Work instruction:
Begin at the line where "Jefferson, NC 28640" appears and reproduce exactly every line through the end of the data below, both included, skipping pictures.

Recorded data:
# # # #
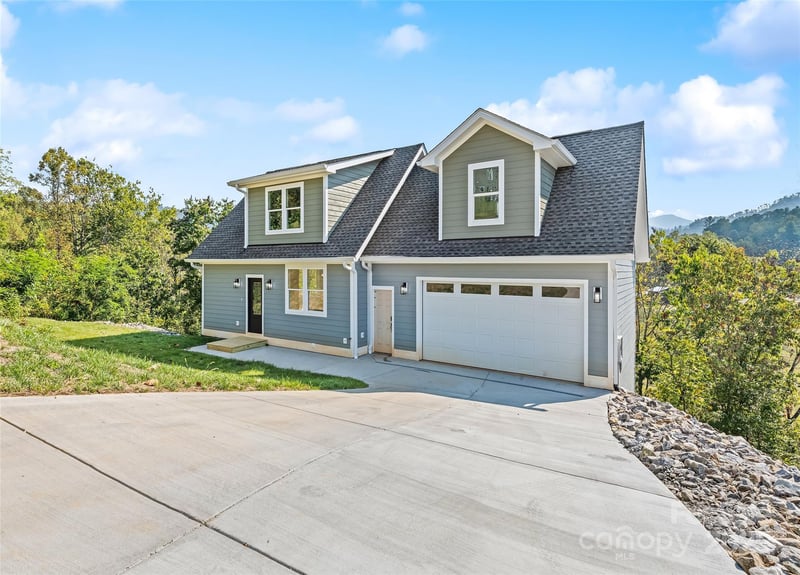 148 Amblers Knoll Rd, Weaverville, NC 28787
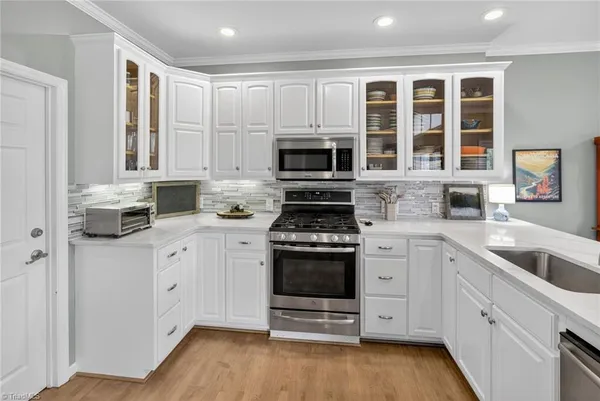 $760,000 | 233 Lakeview Place, Unit D2, Jefferson, NC 28640
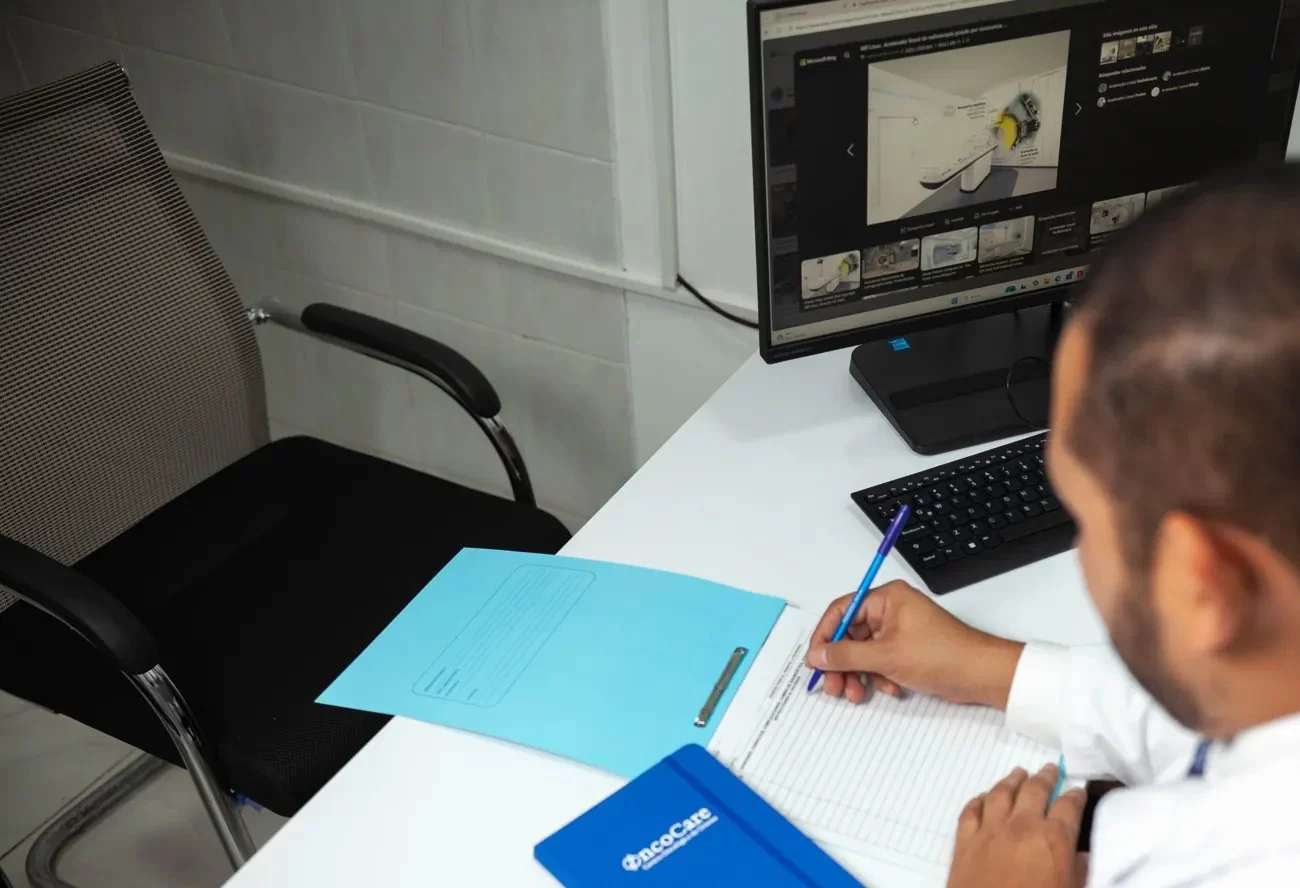 Especialista de OncoCare revisando estudios en su consultorio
# # # #
Solution:
 $760,000 | 233 Lakeview Place, Unit D2, Jefferson, NC 28640
 Especialista de OncoCare revisando estudios en su consultorio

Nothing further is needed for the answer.